*** Opening of Task data ***
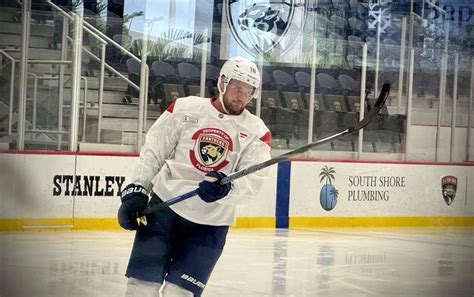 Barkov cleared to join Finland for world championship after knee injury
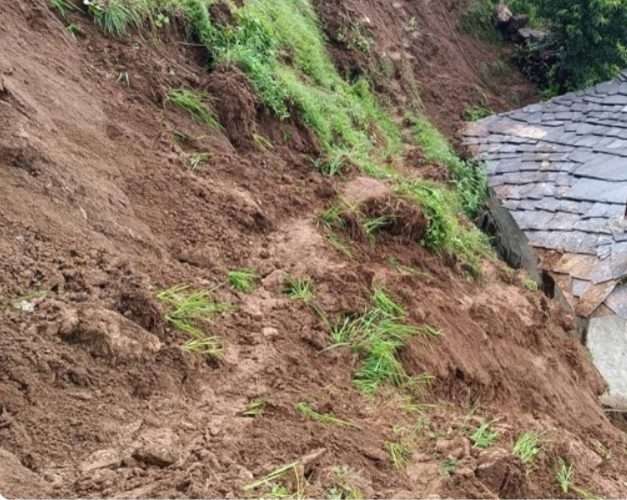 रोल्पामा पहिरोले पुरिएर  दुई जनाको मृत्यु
*** Close of Task data ***
*** Opening of Task data ***
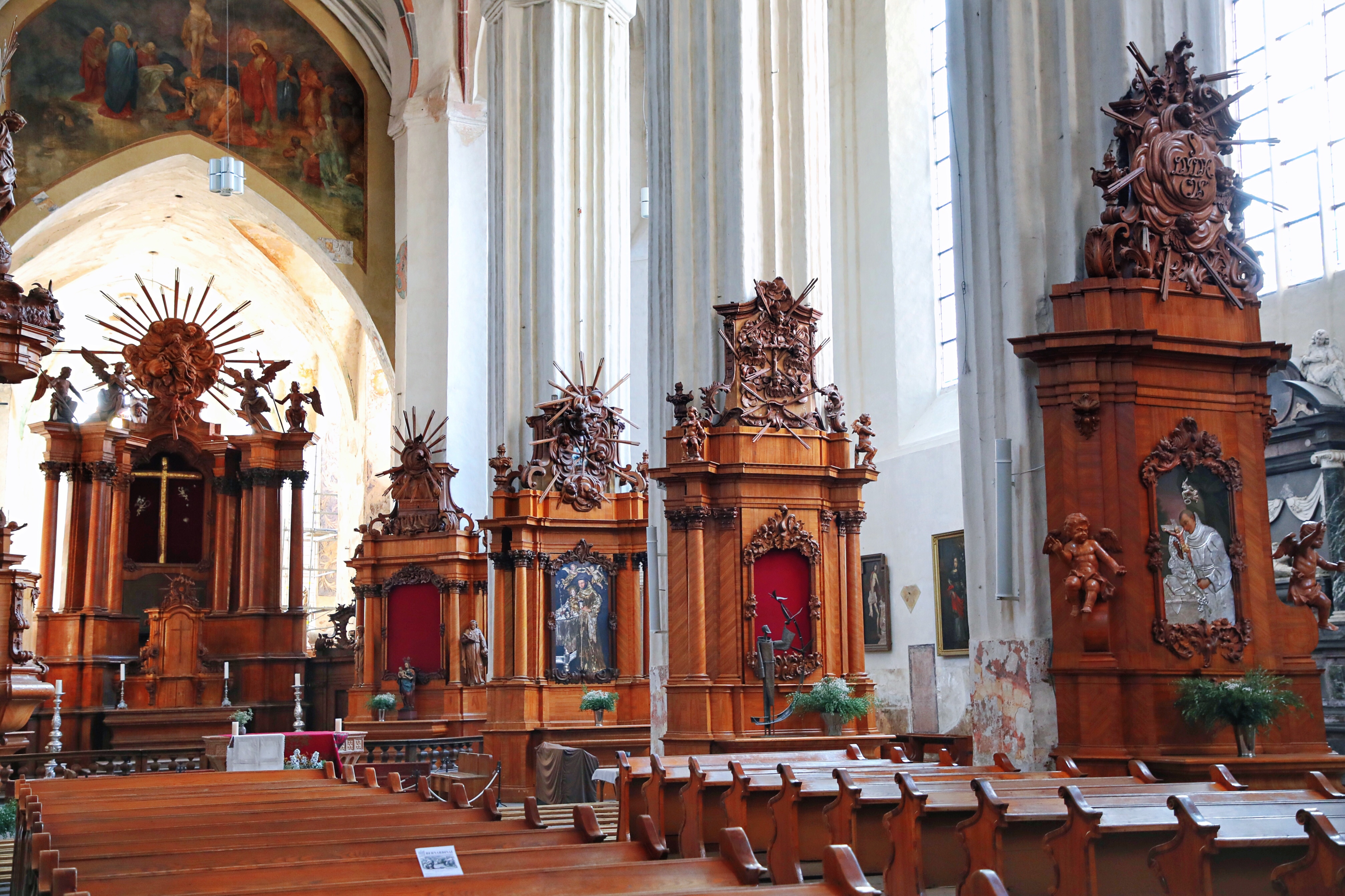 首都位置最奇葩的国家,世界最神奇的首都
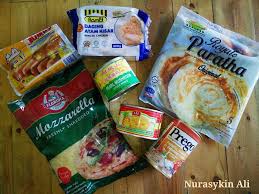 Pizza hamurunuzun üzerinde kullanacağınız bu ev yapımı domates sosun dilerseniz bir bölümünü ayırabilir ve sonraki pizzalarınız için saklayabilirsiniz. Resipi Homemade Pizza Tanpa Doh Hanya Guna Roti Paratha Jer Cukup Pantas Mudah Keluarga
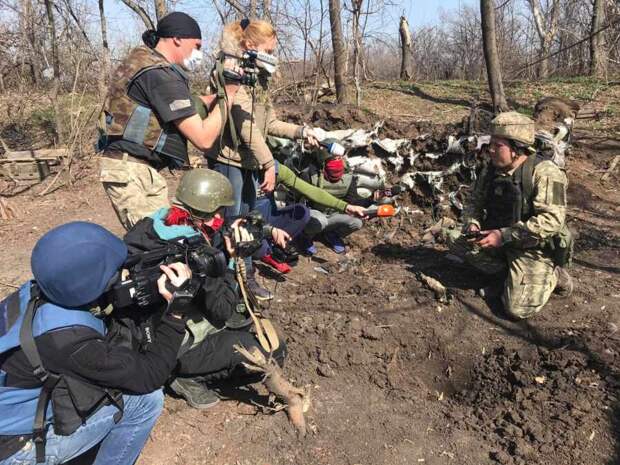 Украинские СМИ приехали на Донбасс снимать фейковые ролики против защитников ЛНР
*** Close of Task data ***
-- Exercise requirements --
The answer is the lines above from the one with "Barkov cleared to" to the one with "रोल्पामा पहिरोले पुरिएर", set down exactly, with no pictures.

-- Answer below --
 Barkov cleared to join Finland for world championship after knee injury
 रोल्पामा पहिरोले पुरिएर  दुई जनाको मृत्यु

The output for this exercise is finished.